1) that's virtual size, and most likely (depending on OS/cfg) COW (assuming no call to execve).

2) that's a default - most systems allow tuning

You can have pretty decent performance with forking models if you 1) have an upper bound for # of concurrent processes 2) have an input queue 3) cache results and serve from cache even for very small time windows. Not execve'ing is also a major benefit, if your system can do that (e.g. no mixing of threads with forks). In forking models, execve+runtime init is the largest overhead.

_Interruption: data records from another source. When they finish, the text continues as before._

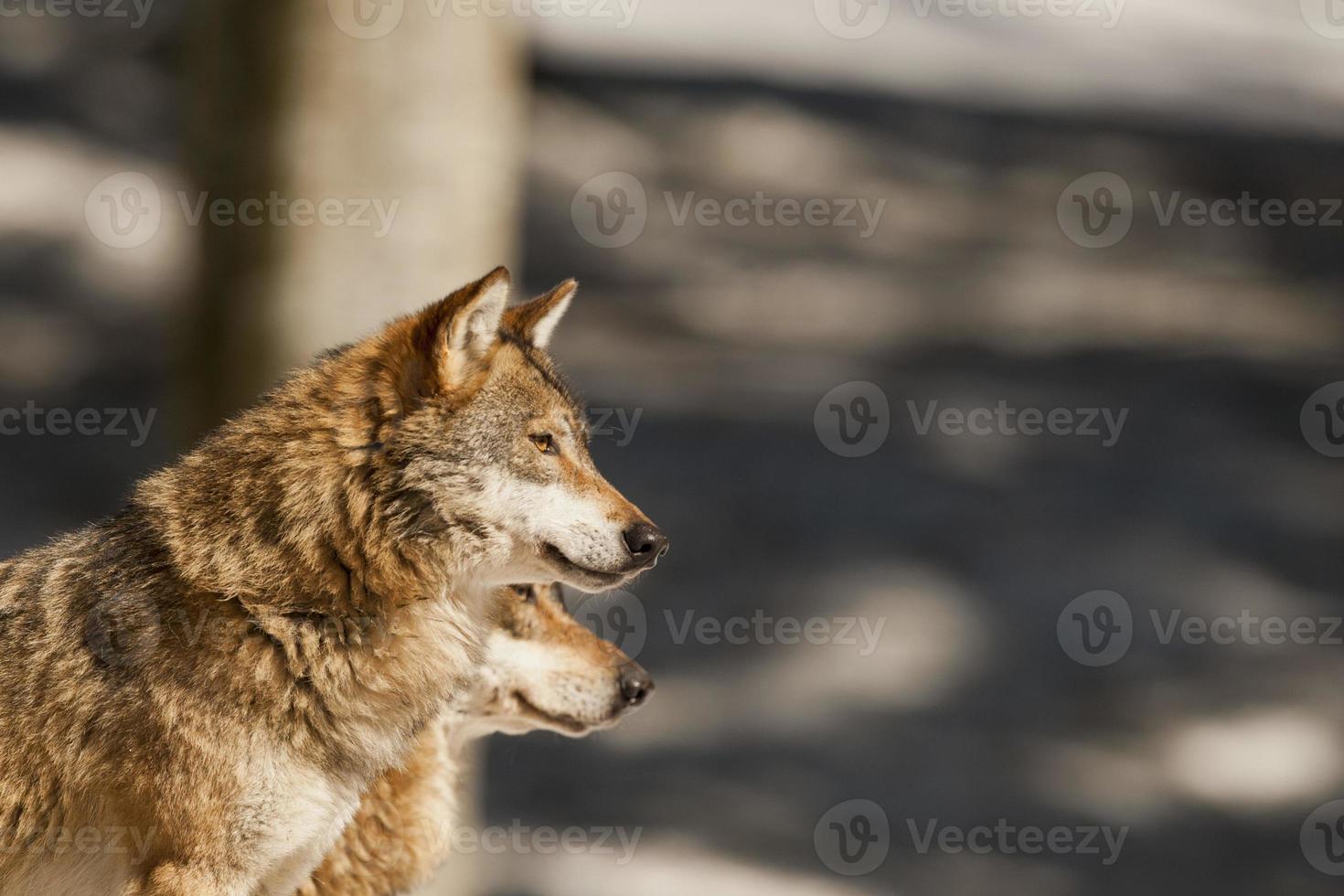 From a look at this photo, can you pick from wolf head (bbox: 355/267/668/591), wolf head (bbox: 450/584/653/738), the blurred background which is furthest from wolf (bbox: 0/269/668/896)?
the blurred background

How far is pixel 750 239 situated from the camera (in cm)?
916

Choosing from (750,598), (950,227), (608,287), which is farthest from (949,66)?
(750,598)

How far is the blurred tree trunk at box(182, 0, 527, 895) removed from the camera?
4480mm

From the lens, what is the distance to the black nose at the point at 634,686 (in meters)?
3.82

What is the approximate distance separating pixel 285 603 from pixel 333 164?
1.92m

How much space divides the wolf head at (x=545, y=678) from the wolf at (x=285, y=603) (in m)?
0.40

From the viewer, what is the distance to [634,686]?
3842 mm

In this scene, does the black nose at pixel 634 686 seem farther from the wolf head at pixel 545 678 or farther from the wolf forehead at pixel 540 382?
the wolf forehead at pixel 540 382

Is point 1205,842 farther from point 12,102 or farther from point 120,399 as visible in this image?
point 12,102

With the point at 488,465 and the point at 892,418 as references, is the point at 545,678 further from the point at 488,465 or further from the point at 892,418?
the point at 892,418

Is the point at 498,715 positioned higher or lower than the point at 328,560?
lower

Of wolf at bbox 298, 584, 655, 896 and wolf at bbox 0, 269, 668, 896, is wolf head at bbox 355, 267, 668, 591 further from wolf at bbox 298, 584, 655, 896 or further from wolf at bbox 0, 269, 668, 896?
wolf at bbox 298, 584, 655, 896

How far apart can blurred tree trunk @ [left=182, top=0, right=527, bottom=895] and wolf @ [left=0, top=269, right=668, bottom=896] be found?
4.32ft

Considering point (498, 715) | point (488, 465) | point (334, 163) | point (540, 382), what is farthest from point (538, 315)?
point (334, 163) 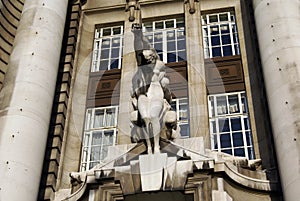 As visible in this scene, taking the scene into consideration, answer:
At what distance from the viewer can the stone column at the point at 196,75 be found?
17.4 m

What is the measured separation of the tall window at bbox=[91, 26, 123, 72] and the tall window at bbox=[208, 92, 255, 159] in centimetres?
420

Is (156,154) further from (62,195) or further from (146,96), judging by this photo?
(62,195)

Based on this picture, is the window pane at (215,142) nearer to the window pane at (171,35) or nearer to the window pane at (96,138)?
the window pane at (96,138)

It will not beat other models, but forking processes offer other benefits such as memory protection, rlimits, namespace separation, capsicum/seccomp-bpf based sandboxing, ...

YMMV

MrTonyD · on Jan 26, 2019

I think you guys are both right. Back in the days when I measured UNIX performance, it was fork that was expensive due to memory allocation - but not the memory itself. It takes time to allocate all the page tables associated with the memory when you are setting up for the context switch. But I should admit that it was a long time ago that I traced that code path.

sebcat · on Jan 26, 2019

prior thread with some ad-hoc measurements: https://news.ycombinator.com/item?id=16714403

hendry · on Jan 26, 2019

Socket connection alone is too expensive.

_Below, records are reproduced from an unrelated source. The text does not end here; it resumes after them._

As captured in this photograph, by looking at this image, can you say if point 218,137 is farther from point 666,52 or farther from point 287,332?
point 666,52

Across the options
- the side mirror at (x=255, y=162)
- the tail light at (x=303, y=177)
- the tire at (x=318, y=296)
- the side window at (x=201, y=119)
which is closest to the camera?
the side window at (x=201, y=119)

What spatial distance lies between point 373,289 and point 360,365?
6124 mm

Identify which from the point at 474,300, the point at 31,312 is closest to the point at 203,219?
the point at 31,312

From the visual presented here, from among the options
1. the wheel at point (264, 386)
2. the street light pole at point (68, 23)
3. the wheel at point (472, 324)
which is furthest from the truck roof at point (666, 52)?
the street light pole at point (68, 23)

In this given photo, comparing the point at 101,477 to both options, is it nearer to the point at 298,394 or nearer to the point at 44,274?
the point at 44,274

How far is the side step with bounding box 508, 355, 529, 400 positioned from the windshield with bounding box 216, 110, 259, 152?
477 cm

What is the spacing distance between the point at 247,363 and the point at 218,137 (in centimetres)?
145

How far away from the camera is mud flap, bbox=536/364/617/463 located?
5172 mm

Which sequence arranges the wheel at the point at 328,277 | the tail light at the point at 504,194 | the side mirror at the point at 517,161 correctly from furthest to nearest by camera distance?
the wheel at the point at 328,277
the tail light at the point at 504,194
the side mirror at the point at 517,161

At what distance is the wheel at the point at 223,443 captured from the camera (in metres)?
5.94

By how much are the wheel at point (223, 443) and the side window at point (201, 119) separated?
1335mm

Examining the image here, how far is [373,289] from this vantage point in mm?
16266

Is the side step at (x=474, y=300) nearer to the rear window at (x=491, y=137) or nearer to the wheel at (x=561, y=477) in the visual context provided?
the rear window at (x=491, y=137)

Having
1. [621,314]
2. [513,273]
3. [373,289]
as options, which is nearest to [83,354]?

IRC shows us that maintaining a reliable socket for most folks is next to impossible.

vidarh · on Jan 26, 2019

On the contrary. IRC shows that maintaining a consistent network where every part can always reach every other part is tricky, but the most common problem with irc networks is not clients getting booted off, but net-splits that usually automatically resolves pretty quickly.

That they're visible to clients is an issue with how channels spans servers and how operator status and channel membership is tied to who happens to be on a channel on a specific partition at a certain time, and how messages are propagated when splits resolve, and how inter-server communications happens.

So it has plenty of lessons if you want to build a chat network, but nothing with it suggests maintaining a connection is otherwise a big problem.

In general what it boils down to is the word "reliable": You would want to write your app so that a client that disconnects and reconnects gets a sensible behavior on reconnecting, e.g. by queuing messages when it makes sense, and discard them if it does not, to paper over temporary connection failures.

But you would need to do that if you were to use stateless request/response pairs anyway.

lexicality · on Jan 26, 2019

I disagree. I've not seen a netsplit in months, but clients constantly timing out and rejoining is a fact of life.

emj · on Jan 26, 2019

That is a different problem, clients can always have bad connections that is not solved by UDP/HTTP.

hendry · on Jan 26, 2019

Well http is a short lived request/response.

Sockets need keep alives and resources allocated et al.